Your objective: Your answer must be the data repeated exactly, with no pictures in it.

Data to use:
· · ·
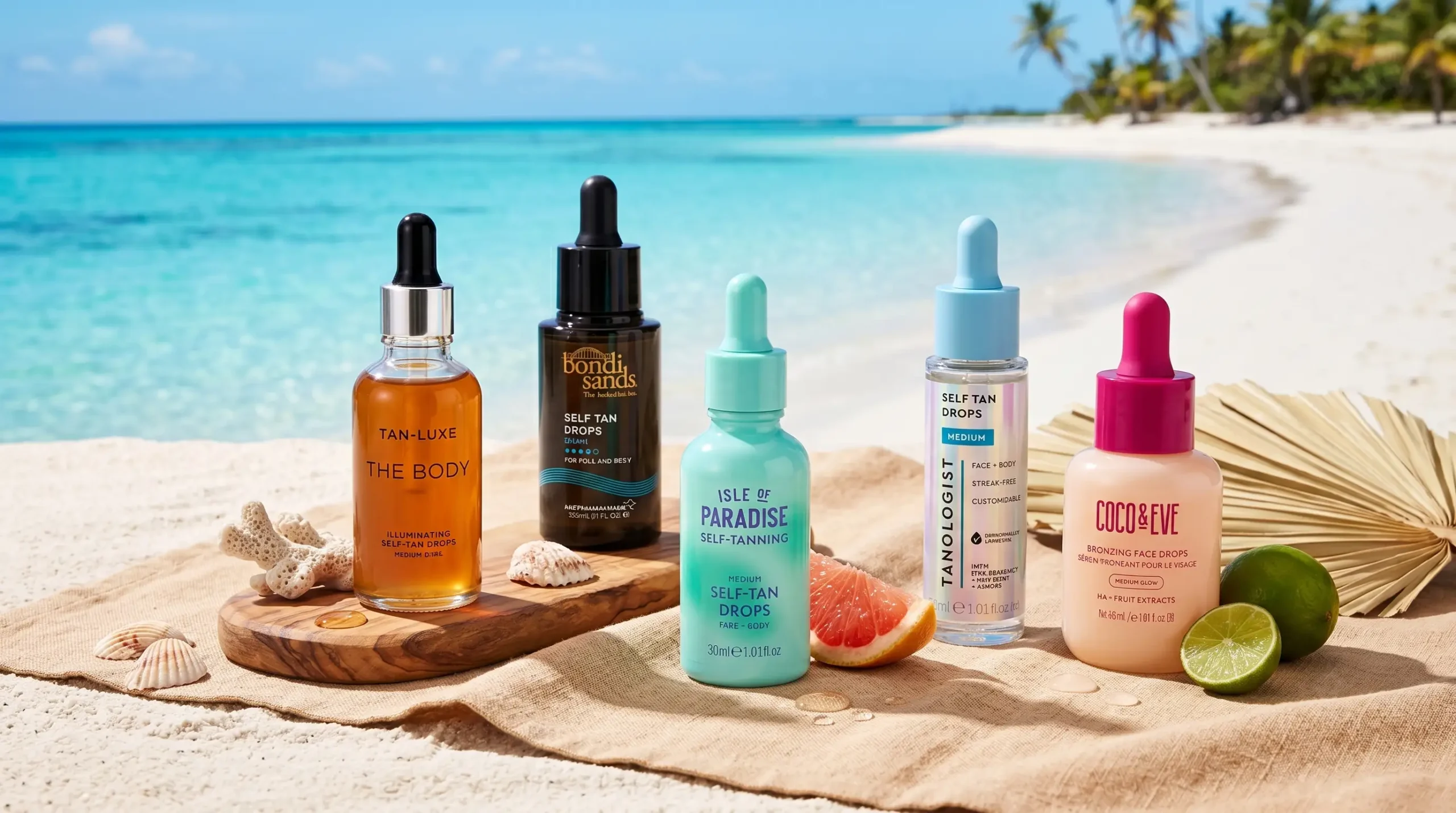 Best tanning drops in a bodegon of a paradise beach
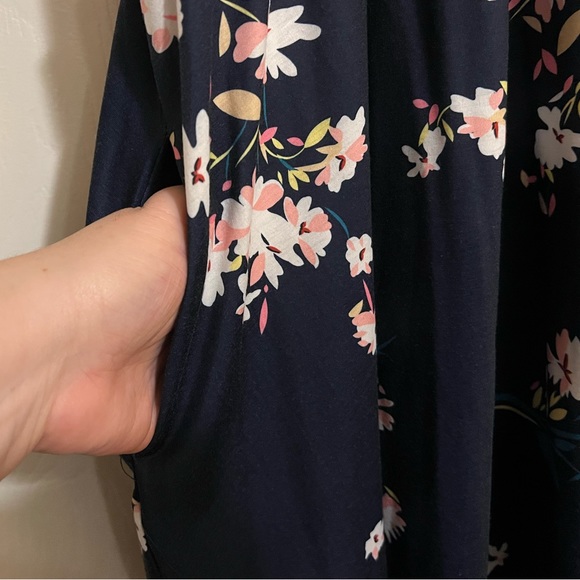 Styleworld V-Neck Navy Blue and Floral Spaghetti Strap Swing Dress - Size XXL - Picture 8 of 12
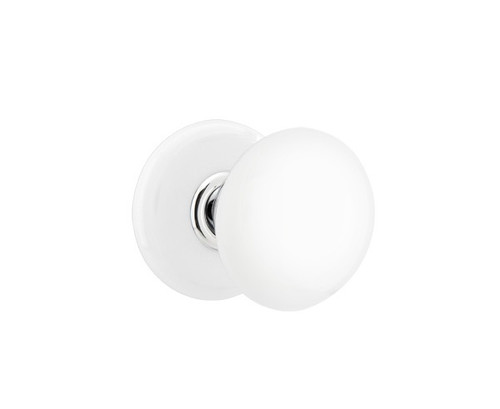 Emtek 8030-IW-US26 Polished Chrome Ice White Porcelain Passage Knob with Porcelain Rosette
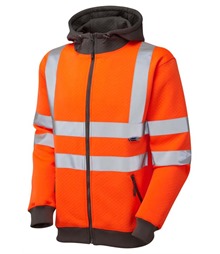 LEO WORKWEAR SAUNTON ISO 20471 Cl 3 Full Zip Hooded Sweatshirt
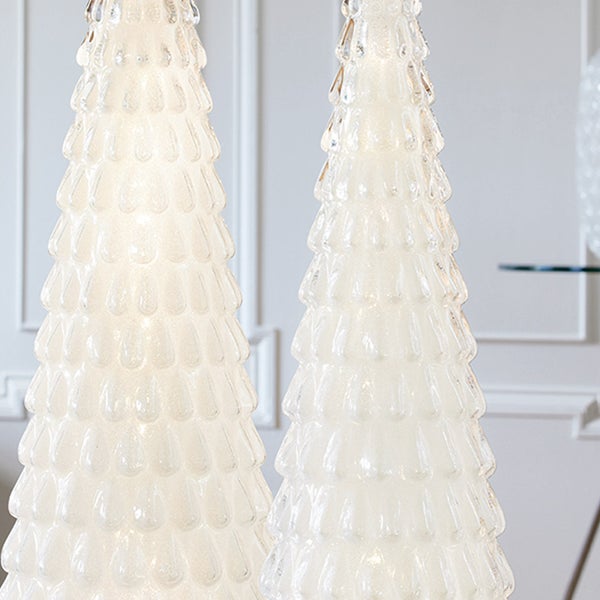 LED Glass Holiday Trees, Set of 2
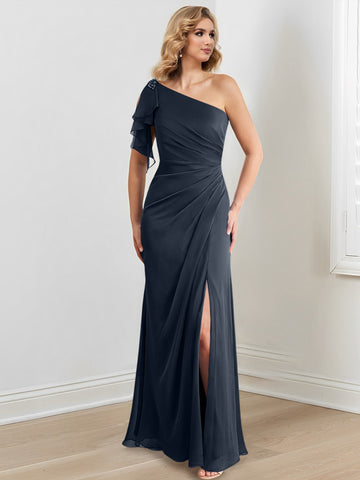 Sheath/Column One-Shoulder Floor-Length Mother of the Bride Dresses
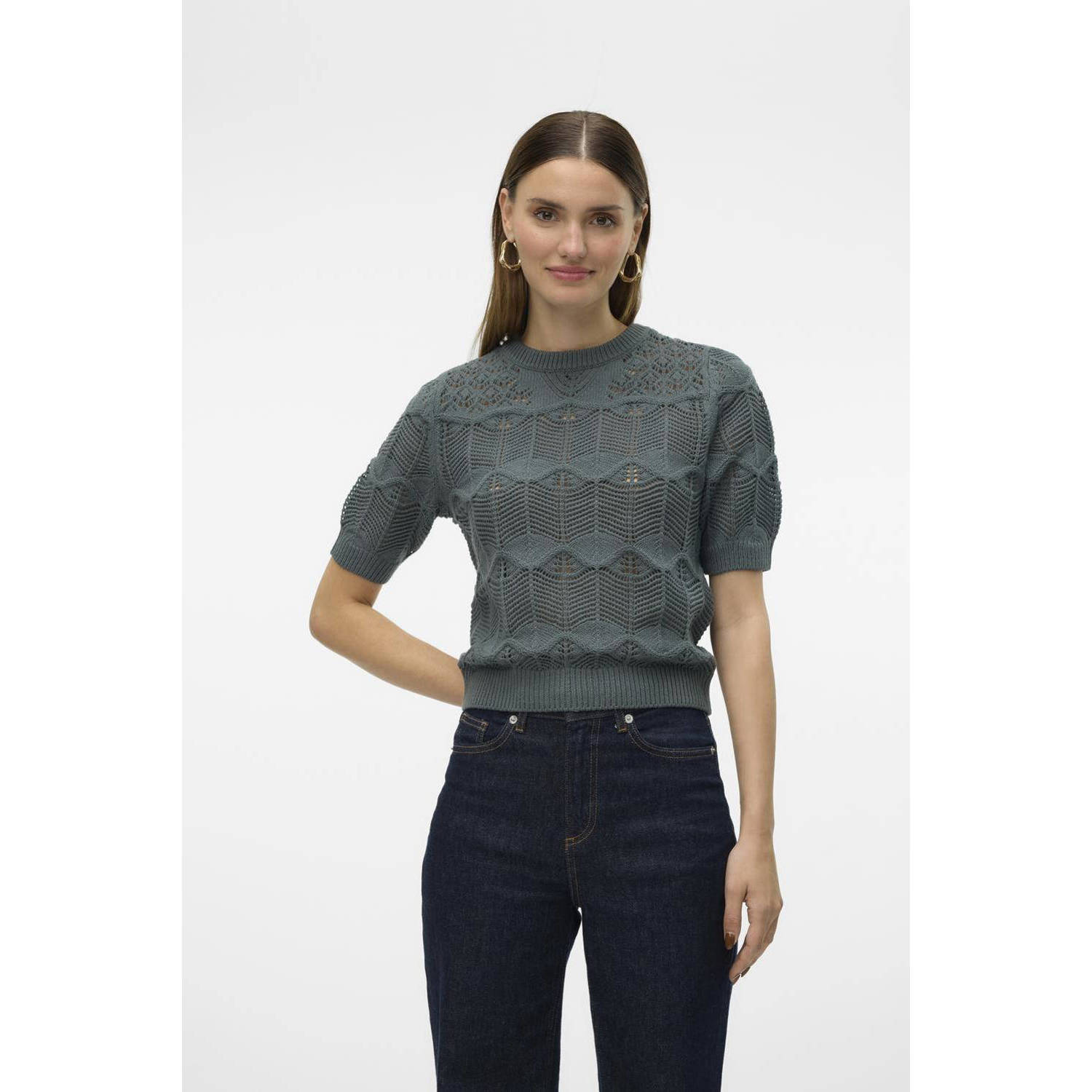 VERO MODA gebreide trui grijsgroen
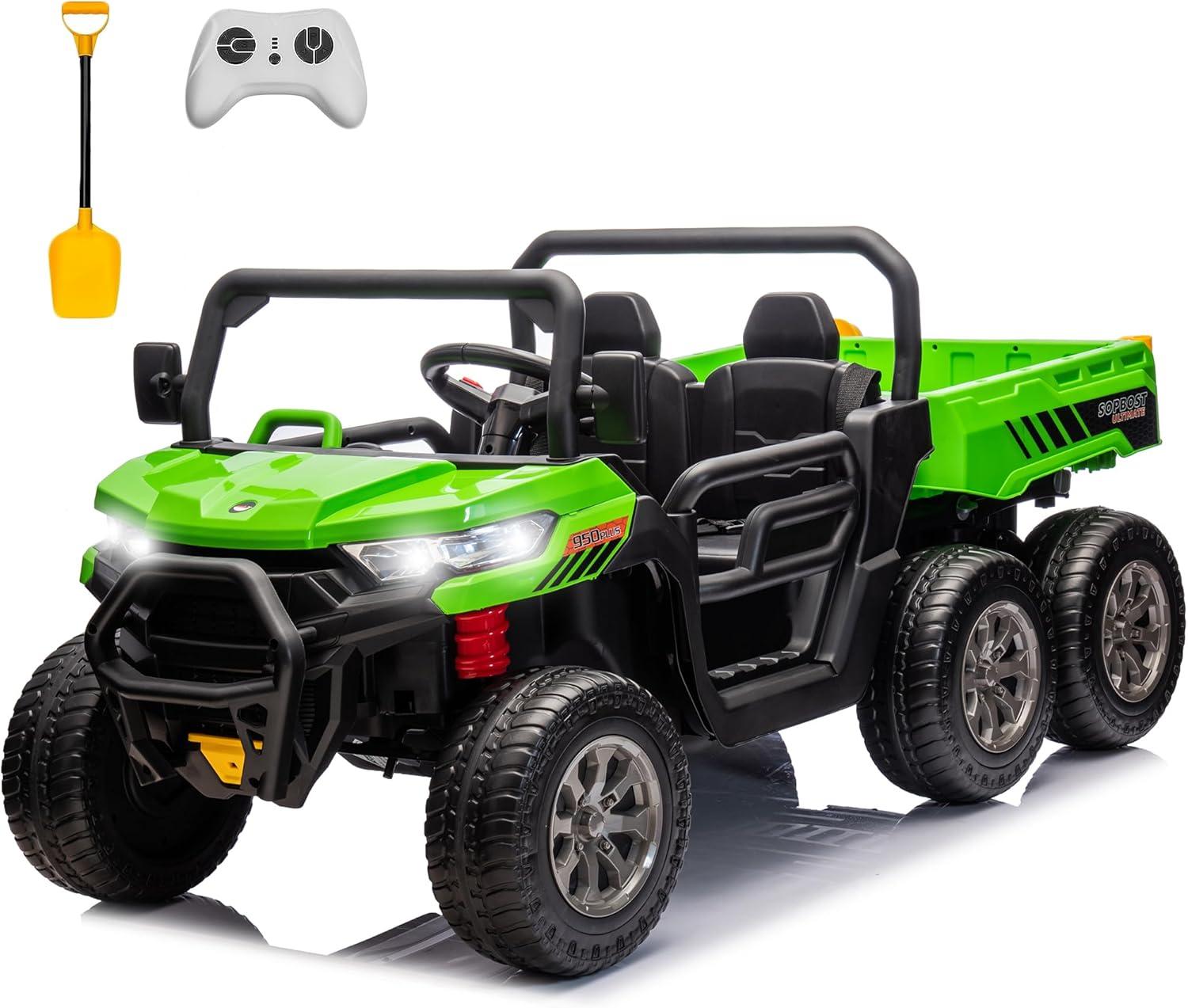 24V Ride on UTV Car, 2 Seater Kids Electric Powered Ride on Toys Dump Truck with Trailer Remote Control, Green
· · ·
Task answer:
 Best tanning drops in a bodegon of a paradise beach
 Styleworld V-Neck Navy Blue and Floral Spaghetti Strap Swing Dress - Size XXL - Picture 8 of 12
 Emtek 8030-IW-US26 Polished Chrome Ice White Porcelain Passage Knob with Porcelain Rosette
 LEO WORKWEAR SAUNTON ISO 20471 Cl 3 Full Zip Hooded Sweatshirt
 LED Glass Holiday Trees, Set of 2
 Sheath/Column One-Shoulder Floor-Length Mother of the Bride Dresses
 VERO MODA gebreide trui grijsgroen
 24V Ride on UTV Car, 2 Seater Kids Electric Powered Ride on Toys Dump Truck with Trailer Remote Control, Green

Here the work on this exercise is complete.